By Christie Moffatt
The focus of this year’s World AIDS Day is on challenging myths and focusing on facts about HIV, rethinking stereotypes and being positive about HIV. On this day we might also honor those who took up such challenges in the early years of the AIDS epidemic. U.S. Surgeon General Dr. C. Everett Koop (1916–2013), whose personal papers are available to researchers at the National Library of Medicine and online through NLM’s Profiles in Science, helped the nation face the most fearsome new pandemic of the century. Dr. Koop educated the public on prevention and protection, argued against mandatory testing and quarantine of the infected, and denounced discrimination against AIDS sufferers in schools, the workplace, and housing.
C. Everett Koop’s (1916–2013) two terms as U.S. Surgeon General from 1981 to 1989 coincided with the rise of the AIDS epidemic in the United States, an epidemic that, scientists and health officials then predicted, would turn into the greatest public health catastrophe of the twentieth century. After his superiors relegated him to the sidelines of the AIDS debate during his first four years in office, Koop dedicated almost all of his time and energy to the disease in his second term. In October 1986, he was finally authorized to issue a Surgeon General’s report on AIDS. In plain language the 36-page report discussed the nature of AIDS, its modes of transmission, risk factors for contracting the disease, and ways in which people could protect themselves, including use of condoms. Twenty million copies were eventually distributed to the public by members of Congress, public health organizations, and Parent-Teacher Associations. It projected that in 1991, 270,000 cases of AIDS would have occurred. The prediction was too pessimistic, as the total reported cases of AIDS in the U.S. through 1991 turned out to be 206,000, a measure of the effectiveness of Koop’s AIDS education campaign. In a speech presented upon the release of this report, Koop emphasized that since education was the best and only strategy of prevention against AIDS, and since AIDS was spread primarily through sex, school children from grade three onward should receive sex education.

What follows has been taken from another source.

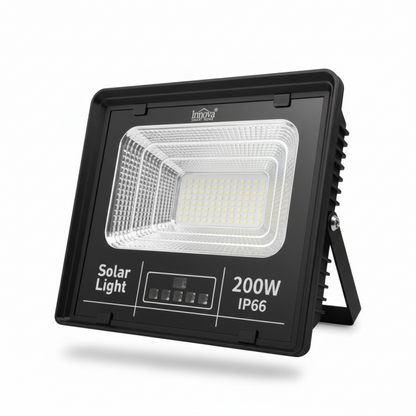 Set 2 x Proiector LED INNOVA 200W Cu Panou Solar si telecomanda, IP66 + Cadou Surpriza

Former liberal critics of Koop were pleasantly surprised while his conservative supporters were taken aback by the explicit language and the lack of moral censure in his AIDS report, and above all by Koop’s promotion of sex education in elementary schools. Yet, as Koop himself saw it, his approach to AIDS was consistent with his long-standing professional commitments as a pediatric surgeon, as well as with his religious faith: “My position on AIDS was dictated by scientific integrity and Christian compassion. . . . My whole career has been dedicated to prolonging lives, especially the lives of people who were weak and powerless, the disenfranchised who needed an advocate: newborns who needed surgery, handicapped children, unborn children, people with AIDS.”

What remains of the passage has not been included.